On Zero-sum Stochastic Game Models of Security in Controlled Systems

Cedric Langbort
Associate Professor, Aerospace Engineering, UIUC
Date: May 30, 2013


We consider several models of control over adversarial channels (i.e., channels which are strategically acting to disrupt the control task, as opposed to merely randomly dropping packets or blocking messages), as idealizations of denial-of-service and other attacks on networked control systems.

We study the resulting zero-sum stochastic games between jammer and controller, prove that the value exists for general formulations, and provide necessary and sufficient conditions for the existence of saddle-point equilibria in mixed strategies. These correspond to situations where the jammer randomizes in a region of the plant's state space, and thus can potentially “masquerade” as a legitimate (non-malicious but imperfect) stochastically packet-dropping channel. Implications in terms of signature of an attack and possible detection mechanisms are then discussed.

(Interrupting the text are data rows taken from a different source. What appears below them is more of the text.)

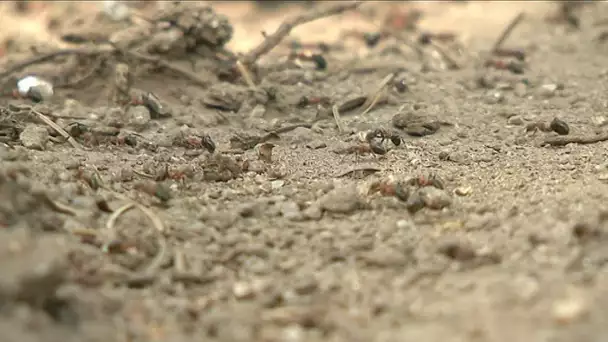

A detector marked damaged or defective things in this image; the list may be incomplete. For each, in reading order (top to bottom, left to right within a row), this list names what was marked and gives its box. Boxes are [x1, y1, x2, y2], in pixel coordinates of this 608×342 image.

broken stick [240, 0, 364, 66]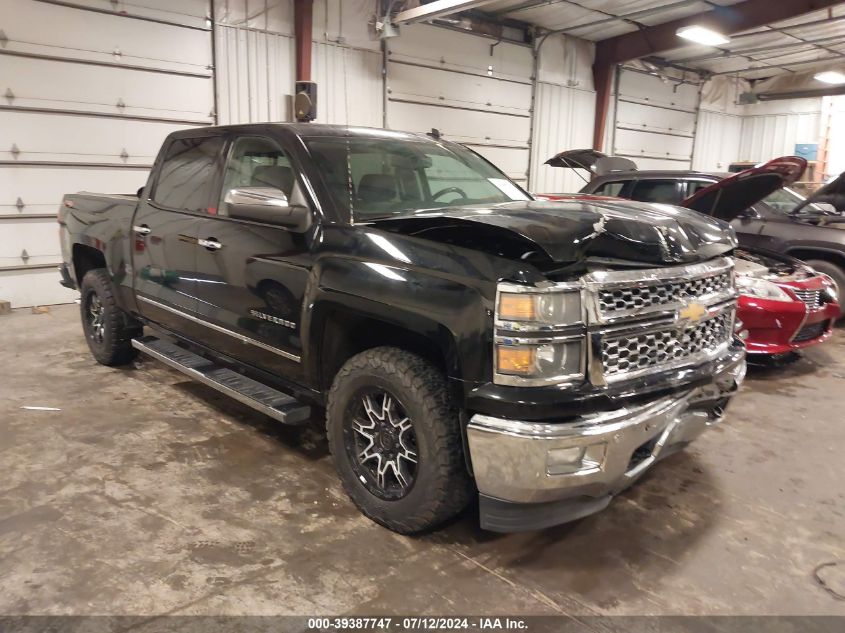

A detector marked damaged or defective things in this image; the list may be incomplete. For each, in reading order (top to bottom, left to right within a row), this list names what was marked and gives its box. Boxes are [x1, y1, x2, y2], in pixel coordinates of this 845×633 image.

damaged hood [680, 156, 804, 220]
damaged hood [372, 199, 736, 266]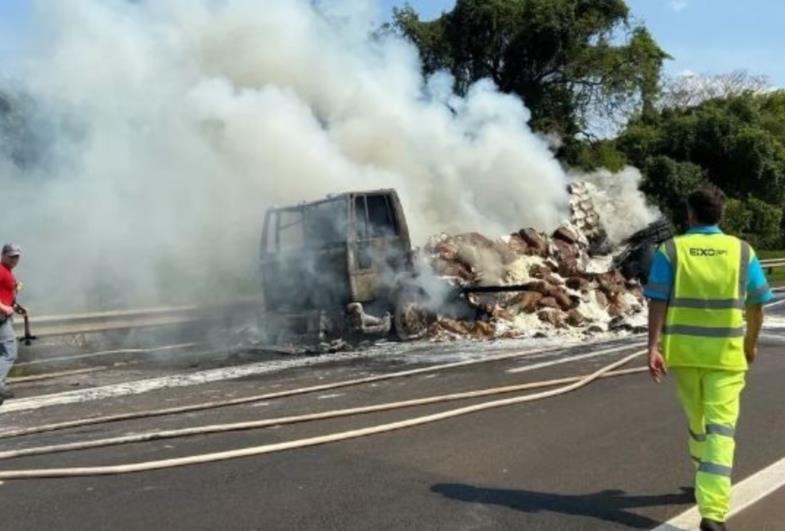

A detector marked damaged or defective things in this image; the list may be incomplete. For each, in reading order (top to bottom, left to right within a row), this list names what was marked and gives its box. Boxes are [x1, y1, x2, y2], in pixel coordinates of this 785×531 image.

Parts of this work are joint with V. Ugrinovskii (EE, University of New South Wales at ADFA), A. Gupta, and T. Basar (UIUC).

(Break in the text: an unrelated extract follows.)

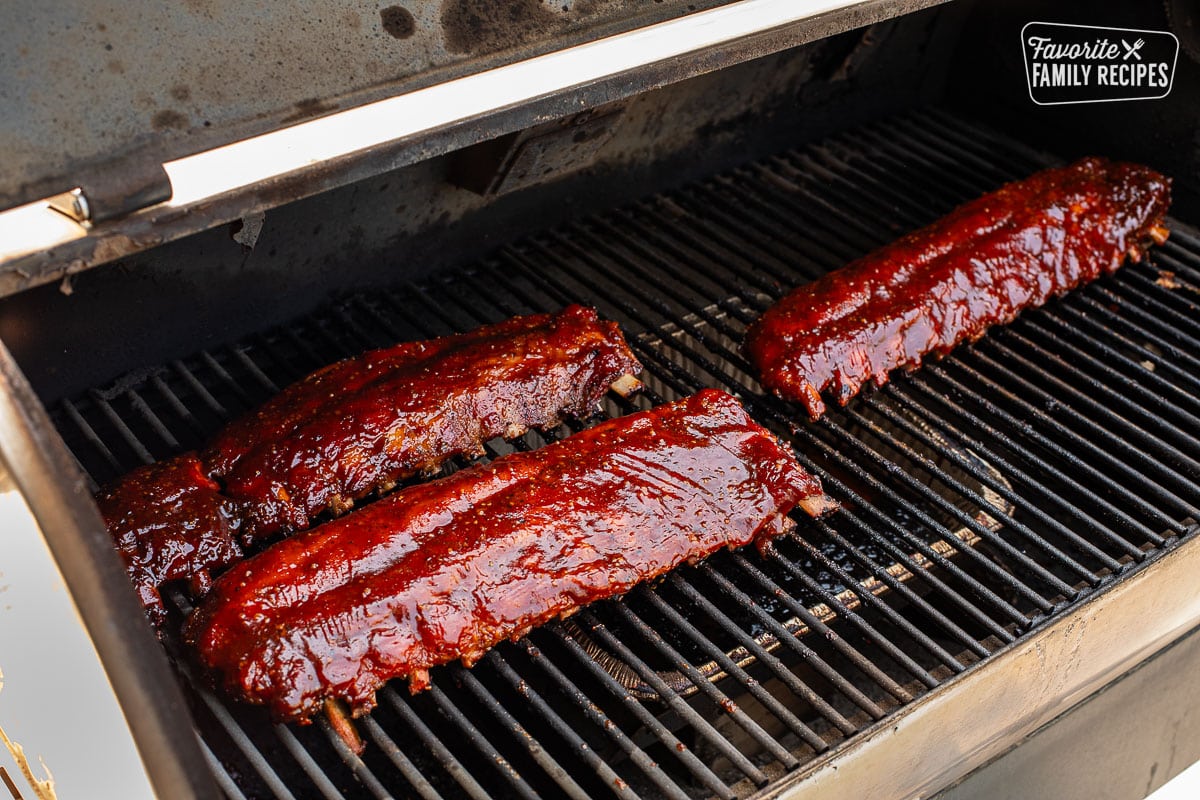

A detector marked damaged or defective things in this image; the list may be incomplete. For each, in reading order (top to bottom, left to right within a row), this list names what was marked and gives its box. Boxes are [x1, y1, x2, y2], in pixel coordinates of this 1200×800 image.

burnt residue [379, 5, 417, 39]
burnt residue [444, 0, 628, 55]
burnt residue [151, 109, 188, 131]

Cedric Langbort is currently on sabbatical at UC Berkeley from the University of Illinois at Urbana-Champaign (UIUC), where he is an associate professor of Aerospace Engineering and affiliated with the Decision & Control Group at CSL. Prior to joining UIUC in 2006, he studied at the Ecole Nationale Superieure de l'Aeronautique et de l'Espace - Supaero in Toulouse (France), the Institut Non-Lineaire in Nice, and Cornell University, from which he received his Ph.D. in January 2005. He also spent a year and a half as a postdoctoral scholar in the Center for the Mathematics of Information at Caltech. He works on applications of control, game, and optimization theory to a variety of fields; most recently to “smart infastructures” problems within the Center for People & Infrastructures which he co-founded and co-directs at CSL. He is a recipient of the NSF CAREER Award and the advisor of a IEEE CDC best student paper award recipient.